Google has for years run a sideline business distributing ads to other sites, and the company made a major investment in the field by purchasing the leading ad distributor, DoubleClick, for $3.1 billion in 2007. By making this acquisition, Google took a step toward overcoming the distinctions that had defined the early years of the Web. As Eric Schmidt admits, Google knows “roughly who you are, roughly what you care about, roughly who your friends are.” The combination of DoubleClick’s ad distribution service with the data that Google has gathered on its users allows Google to sell the page view–style ads that appear almost everywhere online, and to target the ads so precisely that they can be sold on a cost-per-click basis.
Many companies, including Facebook, have attempted to create such targeted ads by using the private information they have gathered on their users. The data clearinghouse being considered by Google would make these ads far more precise by bringing together all the private information that companies have gathered on users in one place. As a result, many websites would place less emphasis on maximizing the number of page views, and more on obtaining and using personal information about their users.
These personally targeted ads, whether created by Google or some other company, will be more intrusive than anything we have seen before. Marketers have long known more about individuals than many of us would like, but the use of this information has largely been limited to techniques that could be directed to a single individual with the technology of the past—telemarketing and junk mail. The spread of wireless technology will allow marketers to do much more with this information. As magazines move to digital devices like the iPad and the Kindle, for instance, marketers will be able to personalize the ads that appear based not just on each person’s demographic information but also, with the help of the devices’ ability to track location, the places where they happen to be reading at the moment.

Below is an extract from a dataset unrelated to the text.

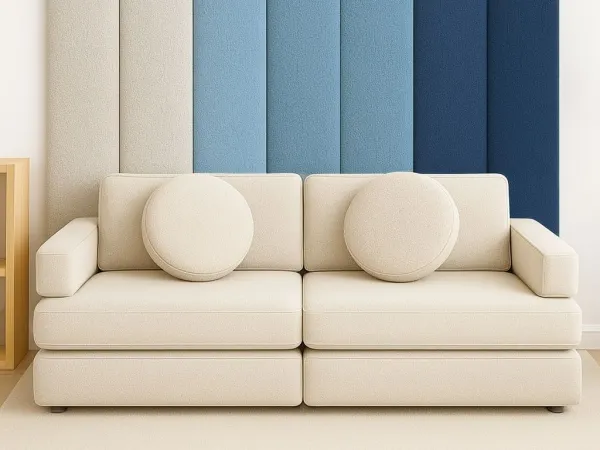 Zaoblený čalúnený panel za stenu BÚCLÉ Zvoľte farbu: Hnedá, Zvoľte rozmer: 20x90 cm, Uchytenie na stenu: So samolepiacim suchým zipsom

In addition, these personalized ads will become more pervasive, allowing advertisers to coordinate campaigns across a single user’s computer, e-reader, and cell phone, as well as the many other devices that are now being built with wireless connections, such as radios, TVs, watches, and cars. With the help of a highly efficient data clearinghouse, marketers will be able to update these campaigns instantaneously, based on such factors as the sites that we visit, the searches we make, and the places we go.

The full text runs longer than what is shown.